これまた不思議だな。だけど、これも今ここにいれば不思議ではなくなる。隣に妻がいて、ケーキを美味しそうに食べている。僕もケーキをフォークでつつきながら、お酒を手にしている。誕生したこと、生まれてきたことを祝ってもらいながら。
もちろん、生まれてきたことは妻に出会うためであるのと小説を書くことと。そんな大それたことではなく、スフレのチーズケーキを食べることと、万年筆と原稿用紙をもらうためだったのかもしれないけど。

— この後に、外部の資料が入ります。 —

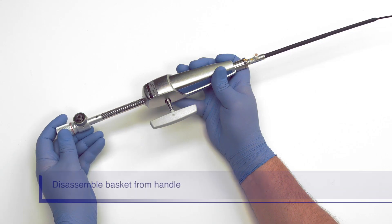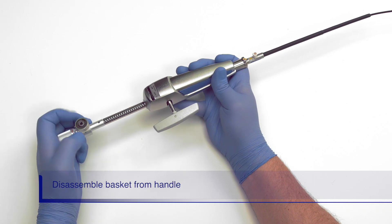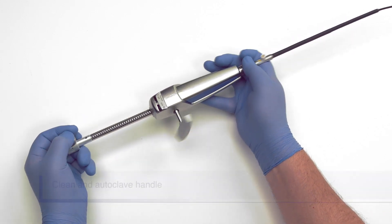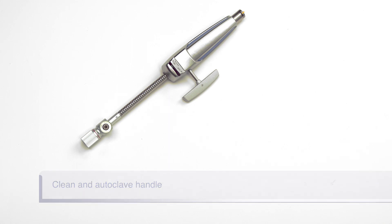Now that we are done crushing the stone, we need to disassemble the handle and basket. First, loosen the release button by turning it counter-clockwise. Then push the release button and yellow button simultaneously while pulling the handle away from the basket. After the procedure, dispose of the basket. The handle is reusable and needs to be cleaned and autoclaved.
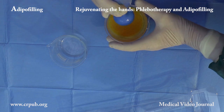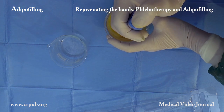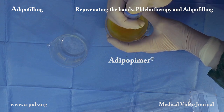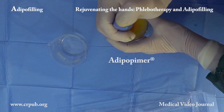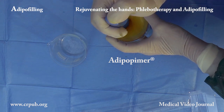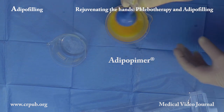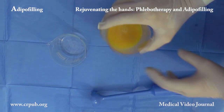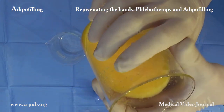The cap is removed from the adipopima and the bell-end of the device is immersed into the washed lipoaspirate. The aspiration vortex created by the adipopima fragments the lobules in a few seconds, producing the suspension to be used in volumetric adipofilling.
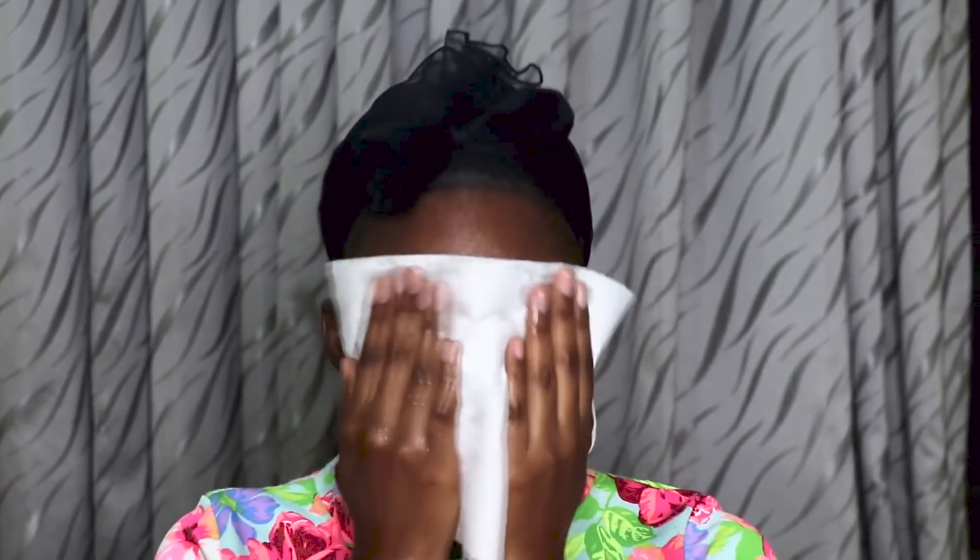After leaving it on for five minutes, I rub it in for another five minutes to get everything into the skin. Then I wash it off. I use a tissue rather than a towel to dry my face because of germ buildup. I use a clean tissue and I don't waste it — I reuse the tissue later to clean makeup off the next time I wear it.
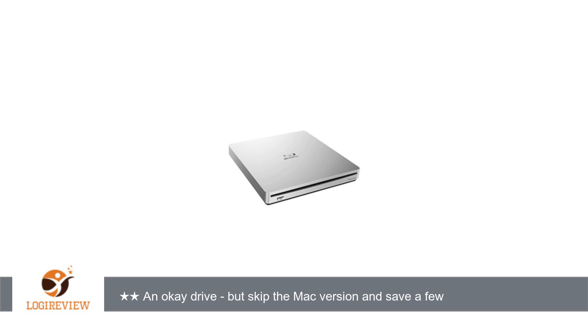A customer wrote: First, Mac users beware. The Mac version, which carries a higher purchase cost than the Windows version, has no current software available which is supported by El Capitan.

世の中、不思議なことの繰り返しだ。不思議に思わないで生きている人なんてほとんどいない。なにかしら疑問を抱いて生きているに決まっている。僕もこれから先、数え切れないくらいの不思議を体験して生きていくだろう。
だけど、不思議とその中にいると、不思議の意味を考える前に時間が経って、その場が流れていく。過ぎゆく時の中に不思議が埋もれていく。だから、さっき不思議に思っていたことが、いつの間にか不思議ではなくなる。
でも、だいたいの場合は巡り巡って、その不思議はまたやってくるのだけれど。それはその時また考えればいい。対峙しているうちに不思議は向こうの方から消えていくことが多いのだから。
「あれ? スフレのチーズケーキ、ホールで買ってきたのかい?」
「うん。明日の朝も食べれるじゃない?」
僕の誕生日だということを忘れている。これもまた妻の頭の中の不思議だ。
「良い一年になるといいね!」
妻の一言にそれは新年のご挨拶。誕生日に使うのは不思議だな。と、思って仕方なくなるのだ。
誕生日が終わり、次の日を迎えると昨日の不思議はもうなくなっていた。